À Perpignan, le maire Louis Aliot se présente comme le champion de l’éthique et de l’intérêt général, fustigeant les conflits d’intérêts et le « mélange des genres ». Pourtant, les faits révélés par la Chambre Régionale des Comptes (CRC) et les enquêtes judiciaires en cours dessinent une tout autre réalité : celle d’une gestion municipale où les proches et les idéologues semblent bénéficier de passe-droits, tandis que la justice s’intéresse de près à plusieurs marchés publics.
Des leçons de morale à géométrie variable
Louis Aliot n’hésite pas à donner des leçons de probité à ses opposants, brandissant une « boussole de l’intérêt général ». Mais quand on examine de près la gestion de la ville, le discours vertueux se heurte à une série de pratiques troublantes, désormais documentées par la CRC.
Le cas de « l’étude qualitative pour comprendre et anticiper les rapports des habitants à leur ville dans une démarche globale » : un marché public sur mesure
En juin 2021, le cabinet de Christophe Gervasi, proche du Rassemblement National, décroche un marché de 26 400 €. Problème : la mairie n’a sollicité d’autres entreprises que deux semaines plus tard, en leur imposant un délai de réponse de deux jours seulement. Une manière efficace d’écarter toute concurrence et de réserver le marché à un proche? La CRC a pointé cette procédure comme « un exemple de rupture de l’égalité de traitement entre les candidats ».

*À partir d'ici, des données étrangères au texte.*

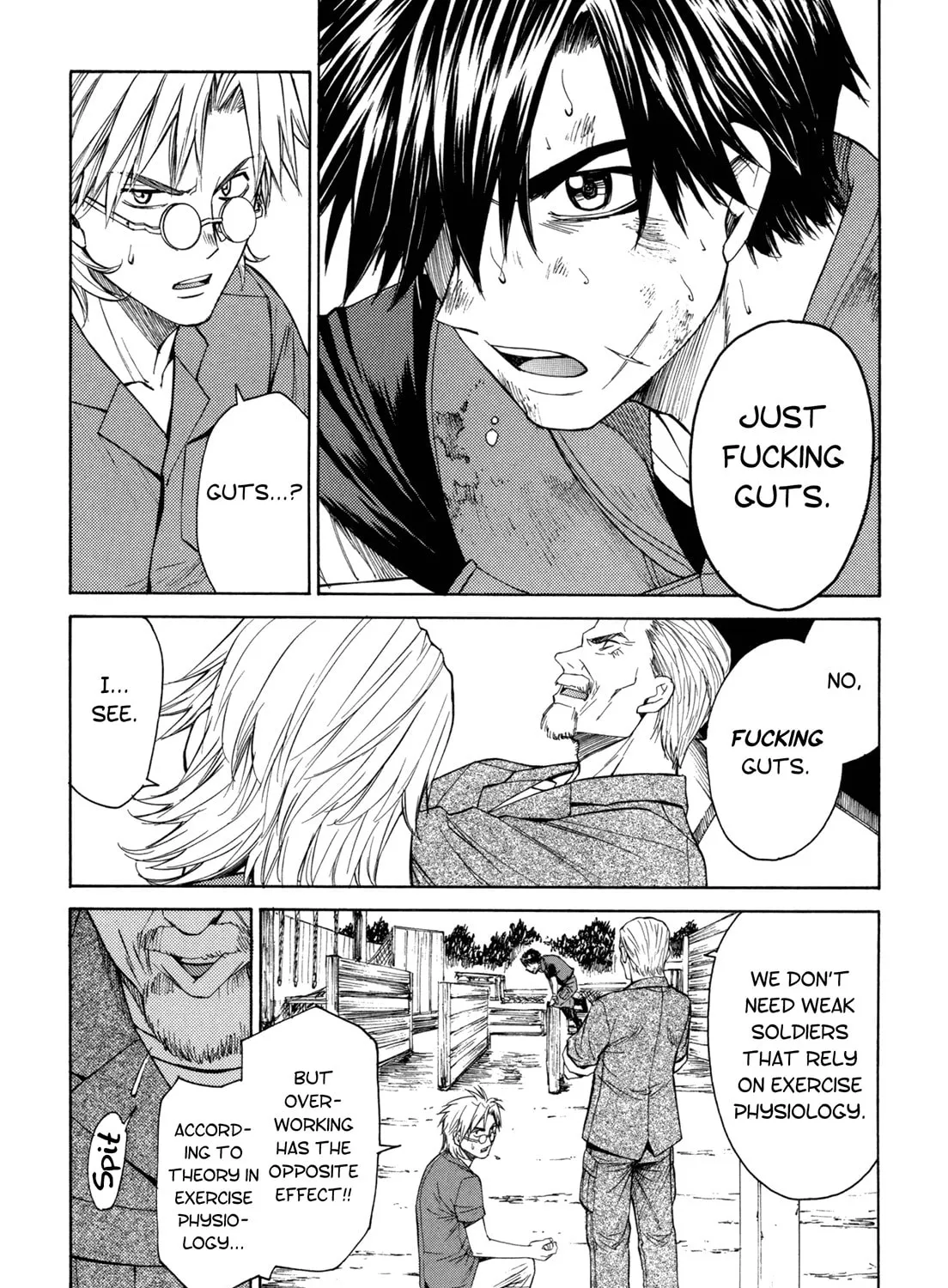 Read Full Metal Panic! Sigma chapter 39 image 14 on Lezhin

Josiane Cabanas : 23 400 € sans livrable
Ancienne colistière ralliée à Louis Aliot, Josiane Cabanas a perçu 23 400 € sous forme de versements mensuels pour la réalisation de missions de valorisation du patrimoine. La CRC souligne qu’aucune étude n’a été rendue et que « le recours à un contrat de travail semblait plus approprié ».

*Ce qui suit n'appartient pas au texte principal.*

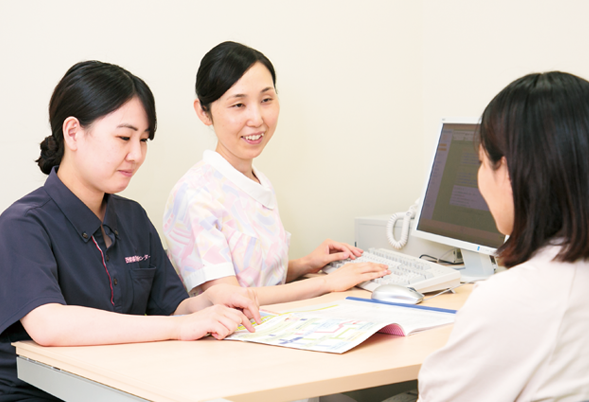 シームレスな看護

L’audit sécurité de Xavier Raufer : 44 400 € pour un catalogue de faits divers
Le criminologue Xavier Raufer, figure de l’extrême droite, a été rémunéré 44 400 € pour un rapport de 37 pages, dont un quart est un simple sommaire. Qualifié de « catalogue des activités criminelles sans recommandations adaptées au contexte de Perpignan » par la CRC, ce document ne contiendrait aucune recommandation utile pour la ville.
L’opacité comme système, la justice sur le pied de guerre
En juin 2025, la mairie de Perpignan a été perquisitionnée par la police judiciaire, dans le cadre d’une enquête pour favoritisme concernant quatre marchés publics, dont ceux attribués à Gervasi, Cabanas et Raufer. Louis Aliot n’a pas manqué de dénoncer des « accusations calomnieuses ».
A cela il faut ajouter qu’en février 2026, Louis Aliot a été condamné en première instance à 18 mois de prison, dont 6 mois ferme et trois ans d’inéligibilité, pour détournement de fonds publics dans l’affaire des assistants parlementaires du FN. Il a interjeté appel de cette décision, dont les conclusions définitives sont attendues au début de l’été 2026.
Entre discours et réalité, un fossé béant
À Perpignan, la lutte contre les conflits d’intérêts semble s’arrêter aux portes de l’Hôtel de Ville. Les faits révélés par la CRC montrent que le « parti-pris des copains » n’est pas une exception, mais bien une pratique installée. Alors que Louis Aliot dénonce les « coups bas » de l’opposition et les « peaux de banane » électorales, les rapports officiels et les procédures judiciaires dressent un portrait accablant, à quelques semaines des élections municipales.